* Exercise
Skip the pictures, and retype the data below in full, exactly.

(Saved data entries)
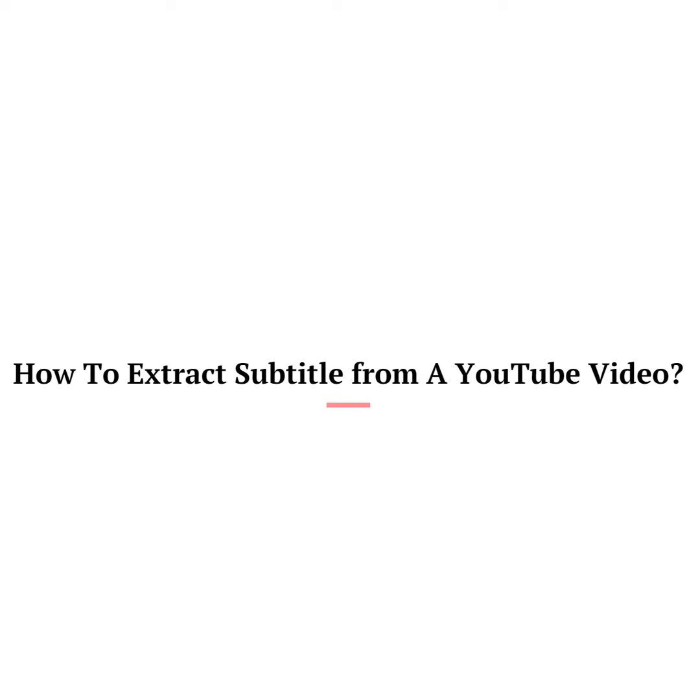Hey there, welcome to Tech Helpline. I hope you all are doing well. Today you will learn how to extract subtitle from a YouTube video.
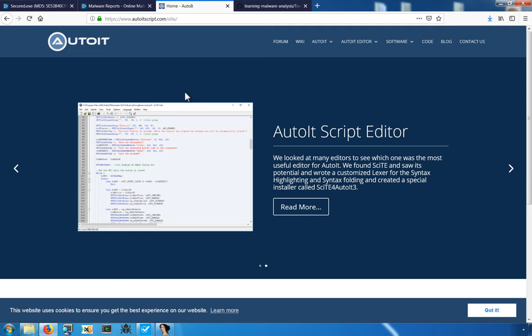AutoIT is actually a legitimate scripting language used by system administrators and others to automate common tasks in their Windows environments. This can make the detection of malware that's using AutoIT a little bit tricky because the simple use of AutoIT doesn't necessarily mean that that program is in fact malicious.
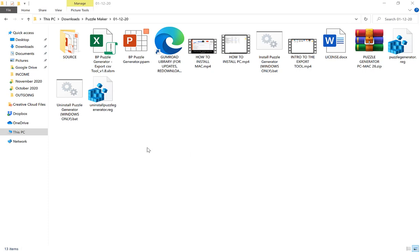In this video I'm just going to take a quick look at the maze generation feature of the puzzle generator. Once you've extracted the zip file from Gumroad it should look a little bit like this.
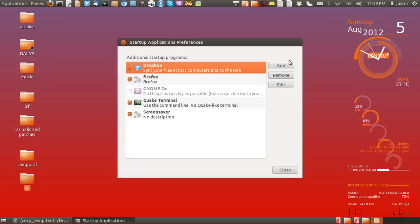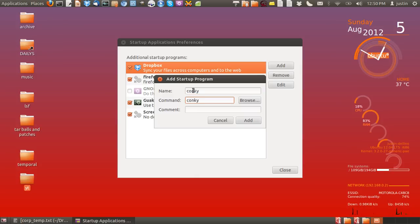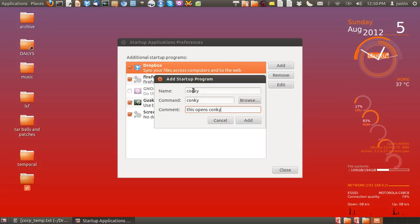Click on add and give the program a name. For the command, since Konki is already installed, all you have to do is type in the command Konki, which will open it up. This opens Konki at startup.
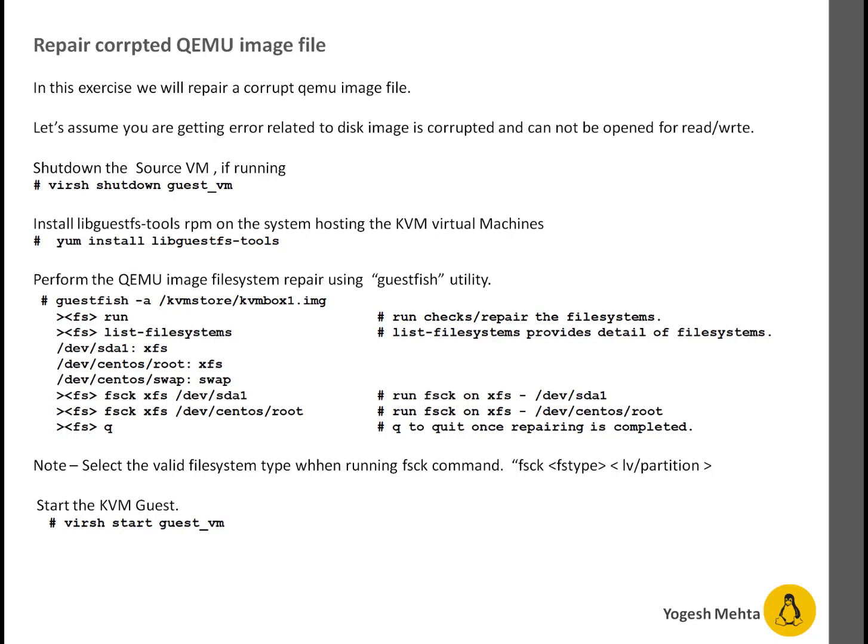and something bad happens, it can corrupt your disk image. Or if your host system gets rebooted multiple times, it can lead to corruption of your QEMU image.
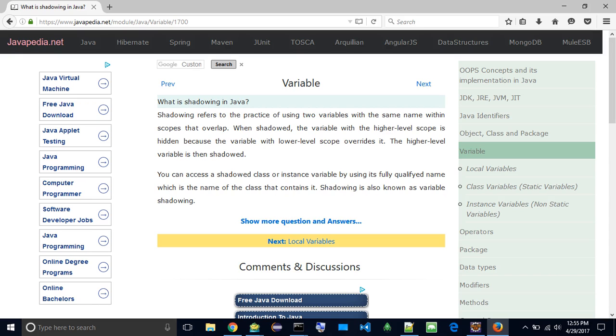When shadowed, the variable with the higher level scope is hidden because the variable with lower level scope overrides it. The higher level variable is then shadowed.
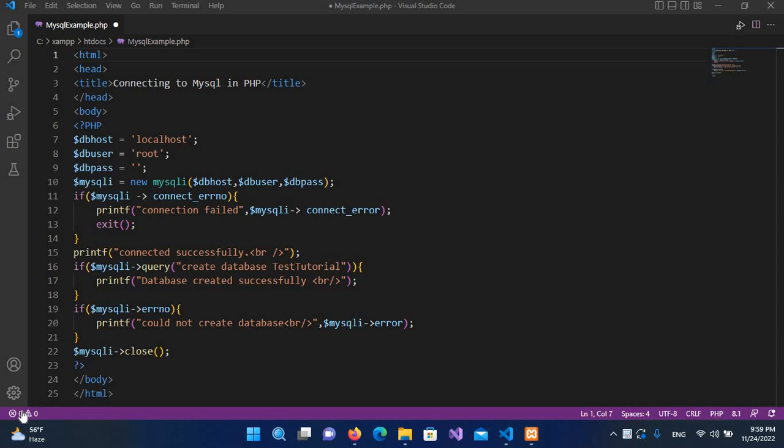In this part we will be learning about dropping a database from our PHP script into MySQL database.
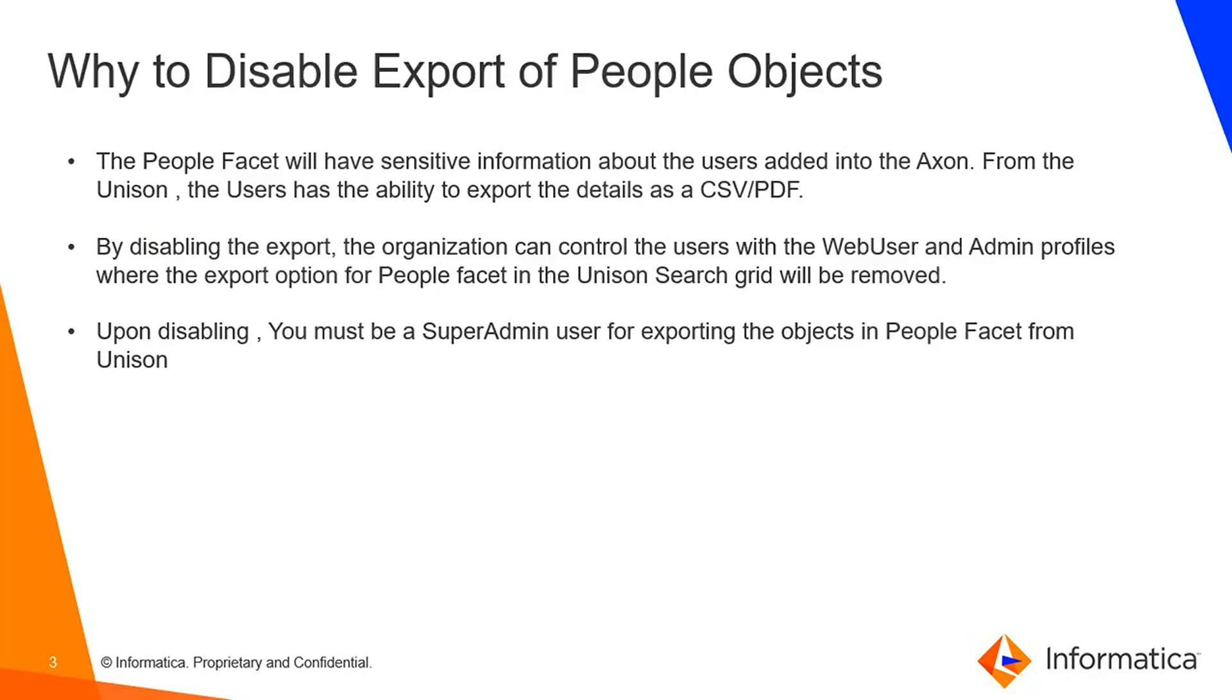Why to disable export of people objects? The People facet will have sensitive information about the users added into Axon. From Unison, the user has the ability to export the details as a CSV or as a PDF.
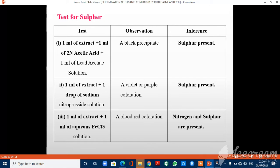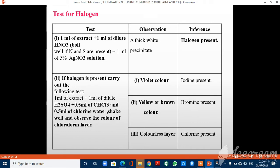Another test for sulphur: add 1 ml of extract plus 1 drop of sodium nitroprusside solution. If a violet or purple coloration is observed, sulphur is present. A third test: 1 ml of extract plus 1 ml of aqueous FeCl3 solution; if a blood-red coloration is observed, both nitrogen and sulphur are present. Test for Halogen: Take 1 ml of extract plus 1 ml of dilute HNO3; boil if nitrogen and sulphur are present. Then add 1 ml of 5% AgNO3 solution. If a thick white precipitate is observed, halogens are present in the compound.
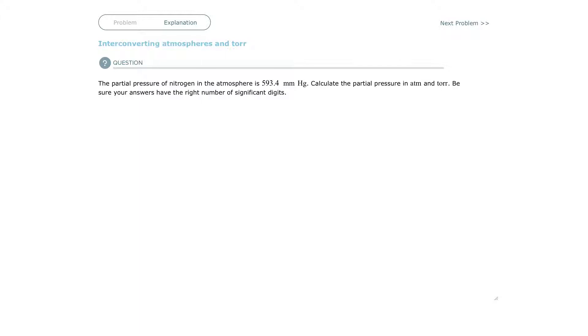a barometer is measuring the pressure in the air, the air pushing down. Sometimes it pushes more, sometimes it pushes less, depending on the day.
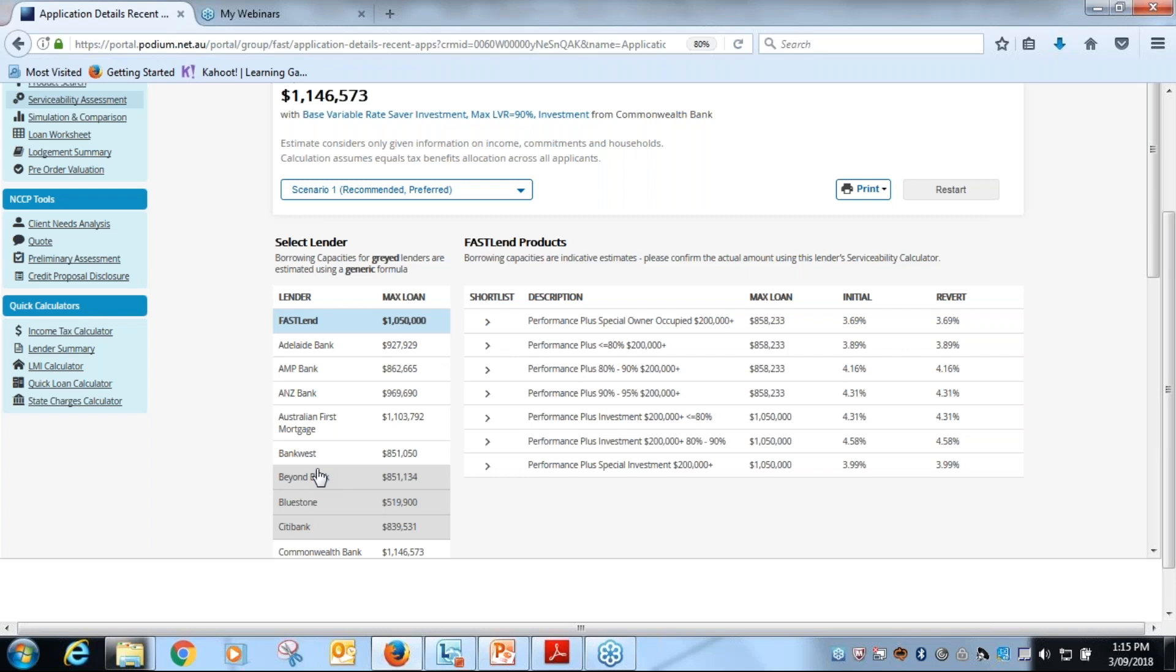But if any of you had had a look at the max borrowings before, what would happen is there would be a red over the top of certain lenders, and what that meant was that their serviceability or max borrowing capacity for different products had different borrowing levels. So it was sort of like a beware.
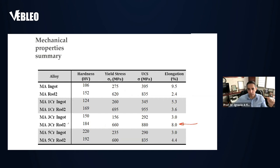That's the summary for chromium — we think this is the best property combination: 3% chromium with the suction cast technique almost triples the yield strength, doubles the UCS, and keeps the elongation percentage.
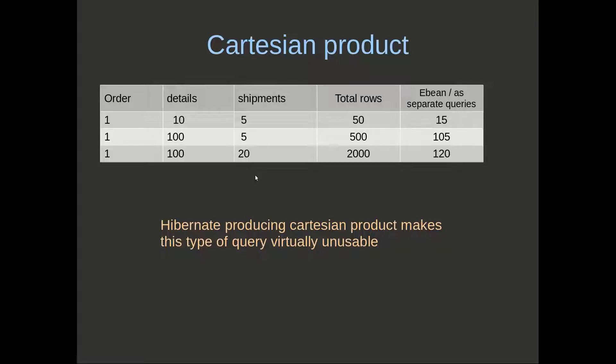The issue here is that with even quite low cardinality, we've got quite a difference here: 50 versus 15, almost a three times difference.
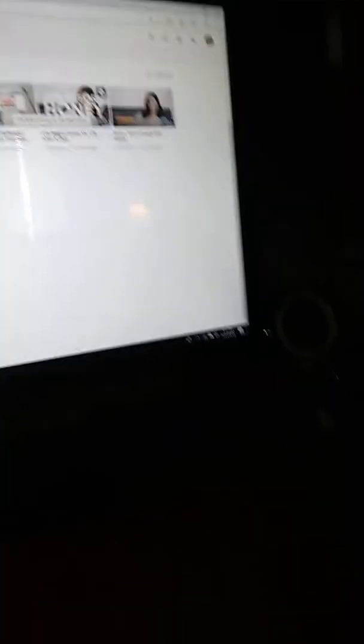To install Honey, all you gotta do is search it up on YouTube. Go to your YouTube channel, videos, then find a video like 'Life Before Honey'. Click on it, instantly pause the video, and then the link is in the description. Just click that link right there and sign up for Honey.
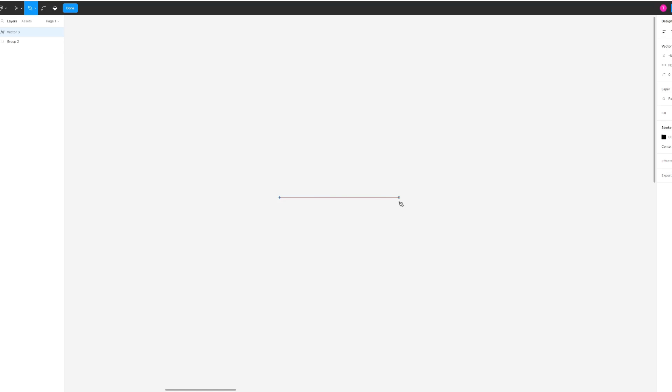You can either click up here on the pen tool or press P for a shortcut. Then click anywhere on the screen, hold Shift and drag across.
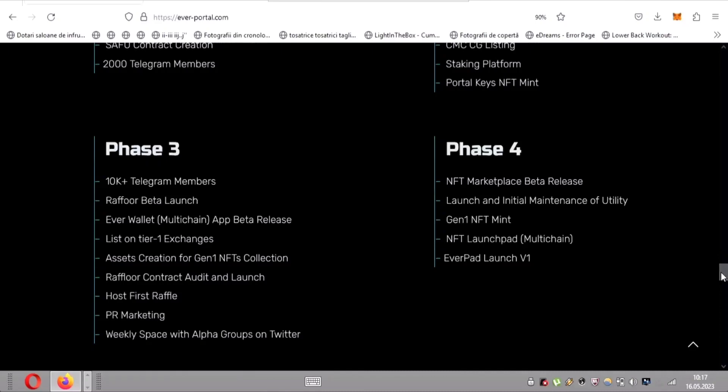The team is leaving no stone unturned as they work towards listing on tier one exchanges, expanding their community to 10K plus telegram members, and launching the EverWallet multi-chain app beta. We can't wait to see what's in store for phase four, including the NFT marketplace beta release and the launch of the Gen 1 NFT mint.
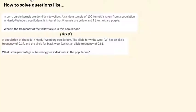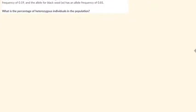In this video we will look at two questions based on Hardy-Weinberg equilibrium. Before looking at the questions, let us understand what Hardy-Weinberg equilibrium is.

* Response box
Hey there, welcome to Tech Helpline. I hope you all are doing well. Today you will learn how to extract subtitle from a YouTube video.
AutoIT is actually a legitimate scripting language used by system administrators and others to automate common tasks in their Windows environments. This can make the detection of malware that's using AutoIT a little bit tricky because the simple use of AutoIT doesn't necessarily mean that that program is in fact malicious.
In this video I'm just going to take a quick look at the maze generation feature of the puzzle generator. Once you've extracted the zip file from Gumroad it should look a little bit like this.
Click on add and give the program a name. For the command, since Konki is already installed, all you have to do is type in the command Konki, which will open it up. This opens Konki at startup.
and something bad happens, it can corrupt your disk image. Or if your host system gets rebooted multiple times, it can lead to corruption of your QEMU image.
When shadowed, the variable with the higher level scope is hidden because the variable with lower level scope overrides it. The higher level variable is then shadowed.
In this part we will be learning about dropping a database from our PHP script into MySQL database.
Why to disable export of people objects? The People facet will have sensitive information about the users added into Axon. From Unison, the user has the ability to export the details as a CSV or as a PDF.
Another test for sulphur: add 1 ml of extract plus 1 drop of sodium nitroprusside solution. If a violet or purple coloration is observed, sulphur is present. A third test: 1 ml of extract plus 1 ml of aqueous FeCl3 solution; if a blood-red coloration is observed, both nitrogen and sulphur are present. Test for Halogen: Take 1 ml of extract plus 1 ml of dilute HNO3; boil if nitrogen and sulphur are present. Then add 1 ml of 5% AgNO3 solution. If a thick white precipitate is observed, halogens are present in the compound.
a barometer is measuring the pressure in the air, the air pushing down. Sometimes it pushes more, sometimes it pushes less, depending on the day.
But if any of you had had a look at the max borrowings before, what would happen is there would be a red over the top of certain lenders, and what that meant was that their serviceability or max borrowing capacity for different products had different borrowing levels. So it was sort of like a beware.
That's the summary for chromium — we think this is the best property combination: 3% chromium with the suction cast technique almost triples the yield strength, doubles the UCS, and keeps the elongation percentage.
The issue here is that with even quite low cardinality, we've got quite a difference here: 50 versus 15, almost a three times difference.
To install Honey, all you gotta do is search it up on YouTube. Go to your YouTube channel, videos, then find a video like 'Life Before Honey'. Click on it, instantly pause the video, and then the link is in the description. Just click that link right there and sign up for Honey.
You can either click up here on the pen tool or press P for a shortcut. Then click anywhere on the screen, hold Shift and drag across.
The team is leaving no stone unturned as they work towards listing on tier one exchanges, expanding their community to 10K plus telegram members, and launching the EverWallet multi-chain app beta. We can't wait to see what's in store for phase four, including the NFT marketplace beta release and the launch of the Gen 1 NFT mint.
In this video we will look at two questions based on Hardy-Weinberg equilibrium. Before looking at the questions, let us understand what Hardy-Weinberg equilibrium is.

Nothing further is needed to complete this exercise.